Yep, I need to have a certain amount or it's not worth starting the truck up. The rock bid was for a 230 mile trip one way. Every load going into Southwest Kansas is cheap. There are many hispanic truckers in that area and the rates reflect that. The town I grew up in Western kansas was mostly white many many years ago... today it is 70-80% hispanic.
70-80% hispanic. I've travelled through SW Kansas frequently and its amazing how that region has changed. Little Mexico. Where I live here in Oceana County (W MI) our Hispanic population has doubled in just a decade. Fruit processors like Peterson Farms have brought them. Once a few families from a certain village in Mexico come in they call their friends and relatives and within a few years thousands of them come. The processors here in the states even advertise in Mexico for help. Something like ten or twenty percent of Mexico's poplulation has immigrated north. A lot of it is due to NAFTA which took away the subsidies for agriculture and wiped out the small farms in Mexico. Now the Mexican tortilla is made w/ American corn but we have their displaced farmers up here.
Yep. It's getting bad. About ten or so years ago, a couple of trucking company owners in western Kansas decided it would be a good idea to hire a bunch of latinos and have them haul soybean meal for Cargill from Wichita to western Kansas. It worked pretty good for them until they learned the business and eventually became their competition. Now, neither as big as they once were, and the rates heading out west and back with soybean meal are just plain pathetic. The soybean meal line in Wichita is just full of drivers who can't speak any English, and they're not shy about it, either.
I was quoted a rate from Guymon to Wichita that was horrible. Eventually it will get too cheap even for latinos. On the bright side there may be some grain moving locally in March.
How do they get to where they are going if they don't know the flippin' language? If I moved to Mexico, I would have to learn to speak & read on their terms. Called on a trailer the other day & it was the guys dispatch office because the guy who owns the trailer is Turkish Russian who came over to the U.S. three years ago. Anyway agreed to meet them, told them which exit to go to & turn left, the truck stop is right there...Then I realized the exit I told them to go to was also a truck stop exit on the Interstate that crossed 20 miles back. (Exit 82) When I called to ask him which way he was going all he could say was "I see you exit 82 Yes?"
I still don't understand how they are allowed to operate when DOT will shut you down for not being able to speak and read english.

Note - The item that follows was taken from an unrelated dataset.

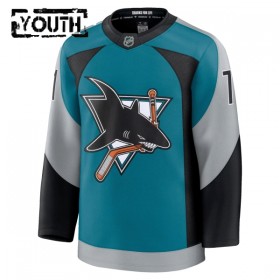 San Jose Sharks Trikot Fanatics Premium Macklin Celebrini 2025-26 Teal Ausweich - Kinder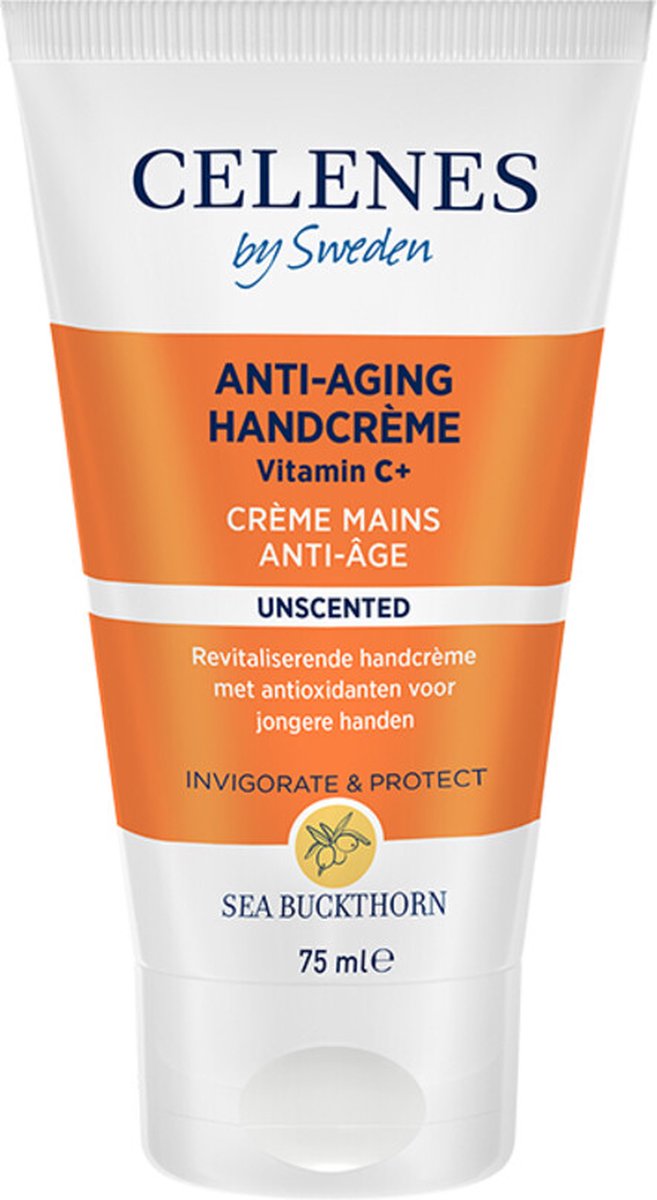 Celenes by Sweden Sea Buckthorn Anti Rimpel Handcrème - Huidverzorging tegen veroudering - 75ml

I know exactly what you are talking about. That is tight there. We have a friend that has a spread, but it doesn't do him any good, because of Iowa. Most of hubbys miles are IA miles, so a spread would do us no good. Wasted money basically. Hubby was skeptic about the 102 until he got his new one. He loves it now. Just have to watch closer when backing in. Went with hubby last week for three days, finally got the truck and trailer washed, she looks better. Probably had 150lbs of mud, salt and crud from the roads on her. We did the "do it yourself" wash at Lamar Mo then drove over to Walmart across the street and let her sit to dry. LOL Its amazing what you miss, that you can't see until its dry. Needless to say, we both got a shower after washing the truck. It was a mess. Nice to have it cleaned up, even if it only lasted for a short while.
OH, I think they can go lower. Not so bad if you live in 1 single family house with 20 other people all paying your rent and truck payment. Oklahoma passed some mighty tough illegal immigration laws about a year or so back. They just migrated 1 state north.